Alla foce del Brenta l’acqua cambia colore e si fa piu fredda mentre veniamo spinti al largo dalla corrente. Il vento comincia a rinforzare, ci è quasi contro, ma in un lungo bordo siamo in breve alla foce dell’Adige.
Qui il paesaggio cambia decisamente aspetto. Canne e gabbiani. Canne dappertutto, sulle rive, sulle isolette, su ogni lingua di sabbia affiorante e sulla spiaggia del mare fin dove le onde lo permettono. E gabbiani stipati sulla battigia, sulle gettate di scogli frangiflutti, su tronchi e rami galleggianti. Quelli che non trovano posto a terra se ne stanno a volteggiare in aria in attesa di un parcheggio. Perché questo raduno qui sulla foce? Qualcosa di buono da mangiare? Pesciolini e gamberetti o rifiuti e immondizie scesi con la corrente?
Prendiamo terra a piedi nudi e la sabbia è così rovente che dobbiamo saltare veloci da un punto d’ombra all’ altro. E’ incedibile la quantità di immondizia che si è raccolta in giro! Il fiume la porta al mare e il mare la ammucchia sulla terra a testimonianza dell’offesa che l’uomo ha fatto alla Natura.
Ci rimettiamo in acqua e imboccato l’Adige proviamo a risalirlo contro corrente.
-Sembra di essere a Caldaro- osserva Walter.

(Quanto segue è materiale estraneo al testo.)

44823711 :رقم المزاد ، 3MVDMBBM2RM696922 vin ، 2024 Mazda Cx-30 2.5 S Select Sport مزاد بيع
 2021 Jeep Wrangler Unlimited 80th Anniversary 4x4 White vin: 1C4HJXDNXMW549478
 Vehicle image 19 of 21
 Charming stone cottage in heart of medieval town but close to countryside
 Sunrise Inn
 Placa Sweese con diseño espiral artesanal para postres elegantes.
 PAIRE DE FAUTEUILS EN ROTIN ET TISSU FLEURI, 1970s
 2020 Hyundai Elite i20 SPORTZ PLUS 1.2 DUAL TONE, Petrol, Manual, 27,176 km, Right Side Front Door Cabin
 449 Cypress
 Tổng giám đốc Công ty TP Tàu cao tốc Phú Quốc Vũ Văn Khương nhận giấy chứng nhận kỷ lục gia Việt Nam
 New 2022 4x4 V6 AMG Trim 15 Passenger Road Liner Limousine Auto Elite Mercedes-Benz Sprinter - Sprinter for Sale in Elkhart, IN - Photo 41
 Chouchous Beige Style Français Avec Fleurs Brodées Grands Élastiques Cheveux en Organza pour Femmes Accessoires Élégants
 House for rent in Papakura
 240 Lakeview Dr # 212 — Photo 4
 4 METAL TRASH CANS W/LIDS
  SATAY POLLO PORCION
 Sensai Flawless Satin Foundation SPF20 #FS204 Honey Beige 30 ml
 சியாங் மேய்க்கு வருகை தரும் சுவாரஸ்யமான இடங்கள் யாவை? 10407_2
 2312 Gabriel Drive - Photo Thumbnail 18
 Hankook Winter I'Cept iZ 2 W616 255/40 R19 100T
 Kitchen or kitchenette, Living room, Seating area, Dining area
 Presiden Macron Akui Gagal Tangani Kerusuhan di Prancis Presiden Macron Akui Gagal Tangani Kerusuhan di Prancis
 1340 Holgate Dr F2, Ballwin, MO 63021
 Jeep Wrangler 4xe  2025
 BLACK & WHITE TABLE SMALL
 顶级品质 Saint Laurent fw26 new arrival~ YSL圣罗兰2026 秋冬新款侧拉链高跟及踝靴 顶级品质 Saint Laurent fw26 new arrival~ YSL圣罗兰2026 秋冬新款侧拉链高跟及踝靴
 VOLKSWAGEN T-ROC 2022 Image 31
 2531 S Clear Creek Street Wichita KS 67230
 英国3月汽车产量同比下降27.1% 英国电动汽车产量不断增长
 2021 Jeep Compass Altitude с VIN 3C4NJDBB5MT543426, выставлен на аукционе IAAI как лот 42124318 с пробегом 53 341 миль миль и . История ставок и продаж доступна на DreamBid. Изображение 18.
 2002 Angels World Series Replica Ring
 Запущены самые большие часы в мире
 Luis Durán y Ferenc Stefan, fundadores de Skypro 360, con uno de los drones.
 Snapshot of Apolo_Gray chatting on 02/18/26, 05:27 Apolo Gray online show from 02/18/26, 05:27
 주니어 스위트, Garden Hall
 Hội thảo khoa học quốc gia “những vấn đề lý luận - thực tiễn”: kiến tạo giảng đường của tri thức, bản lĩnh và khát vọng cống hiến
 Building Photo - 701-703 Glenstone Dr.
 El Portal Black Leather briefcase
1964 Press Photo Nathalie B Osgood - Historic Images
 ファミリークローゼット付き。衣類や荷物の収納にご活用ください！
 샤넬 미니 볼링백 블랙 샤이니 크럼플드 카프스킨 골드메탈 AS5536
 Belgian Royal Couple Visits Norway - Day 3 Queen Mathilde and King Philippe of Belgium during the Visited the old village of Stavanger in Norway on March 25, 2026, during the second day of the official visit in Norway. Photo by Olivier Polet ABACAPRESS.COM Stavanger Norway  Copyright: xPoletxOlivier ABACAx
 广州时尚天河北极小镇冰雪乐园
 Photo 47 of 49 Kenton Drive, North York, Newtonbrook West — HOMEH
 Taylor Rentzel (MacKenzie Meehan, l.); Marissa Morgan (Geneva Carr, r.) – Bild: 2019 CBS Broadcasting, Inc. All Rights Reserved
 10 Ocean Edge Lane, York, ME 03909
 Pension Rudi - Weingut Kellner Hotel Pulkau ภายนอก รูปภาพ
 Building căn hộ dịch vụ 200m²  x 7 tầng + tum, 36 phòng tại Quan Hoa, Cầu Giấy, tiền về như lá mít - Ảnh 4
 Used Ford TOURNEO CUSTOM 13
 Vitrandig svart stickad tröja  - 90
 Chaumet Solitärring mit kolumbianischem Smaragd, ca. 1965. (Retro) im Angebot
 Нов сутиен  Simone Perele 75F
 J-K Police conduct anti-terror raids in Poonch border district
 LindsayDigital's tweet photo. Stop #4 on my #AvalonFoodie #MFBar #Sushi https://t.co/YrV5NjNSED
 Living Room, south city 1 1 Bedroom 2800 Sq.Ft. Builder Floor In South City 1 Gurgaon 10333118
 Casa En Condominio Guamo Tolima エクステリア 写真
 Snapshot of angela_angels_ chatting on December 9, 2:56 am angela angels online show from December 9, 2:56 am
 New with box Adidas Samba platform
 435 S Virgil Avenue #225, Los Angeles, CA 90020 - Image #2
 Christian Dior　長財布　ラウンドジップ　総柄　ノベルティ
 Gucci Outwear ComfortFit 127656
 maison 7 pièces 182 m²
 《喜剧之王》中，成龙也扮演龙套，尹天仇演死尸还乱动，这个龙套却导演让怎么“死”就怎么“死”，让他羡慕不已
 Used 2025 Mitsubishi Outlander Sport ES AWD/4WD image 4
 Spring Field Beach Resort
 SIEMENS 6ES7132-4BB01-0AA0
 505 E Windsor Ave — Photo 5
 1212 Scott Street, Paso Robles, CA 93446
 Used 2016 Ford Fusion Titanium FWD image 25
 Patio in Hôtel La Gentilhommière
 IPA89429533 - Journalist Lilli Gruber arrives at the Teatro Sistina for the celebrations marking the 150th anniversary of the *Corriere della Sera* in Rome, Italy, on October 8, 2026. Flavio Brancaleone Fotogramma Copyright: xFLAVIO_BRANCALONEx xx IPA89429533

Infatti in mezzo a questi canneti e sull’acqua appena increspata nonostante il vento teso, è come veleggiare su un laghetto di casa nostra. Tornati alla foce, veniamo accolti da alti frangenti che nel frattempo il vento teso ha formato al largo. Questi scontrandosi con la corrente uscente producono un ribollìo micidiale che ci lava dalla testa ai piedi su una barca che salta e scalpita facendo schizzare qua e la i bagagli sul telone.
-Ehi, qui è meglio che ci buttiamo su quella spiaggia laggiù, ci facciamo una mezzoretta di sabbiature poi vedremo se sarà il caso di ripartire bene imbottiti-
Così, mentre desistiamo vigliaccamente dalla lotta, davanti a Rosolina e Rosapineta il mare si riempie di windsurf, derive e catamarani tutti in gara tra loro, con le onde e con il destino.
Per un po riusciamo a far finta di niente girovagando su e giu per la spiaggia con l’aria di chi cerca qualcosa, ma in breve non resistiamo oltre e , balzati sul catamarano nostro, ci ributtiamo nella mischia.
Un bordo verso il largo, un bordo verso terra. Un bordo verso il largo, un bordo verso terra. Si procede così stoicamente per tutto il pomeriggio arrivando in vista di Albarella verso il tramonto.
Da quel che ho letto ultimamente, Albarella sarebbe un’isola del delta padano rilevata e convertita con capitale svizzero in centro turistico di lusso. E’ un’isola privata. Ciò nonostante noi, da bravi Fratelli della Costa, tenteremo di pernottarvi e usufruire dei suoi servizi.
Approdiamo così quatti quatti sulla punta nord della stessa e tiriamo in secca la barca in un angolino di una spiaggia incredibile: perfettamente ripulita e pettinata in lunghi solchi paralleli nel modo che usano i giapponesi per i loro mistici giardini. Non una carta, una lattina, un coperchietto di birra, anzi, i pochi gusci di vongole che affiorano qua e là, sembrano essere stati sistemati apposta per dare un tocco piu esotico all’ambiente.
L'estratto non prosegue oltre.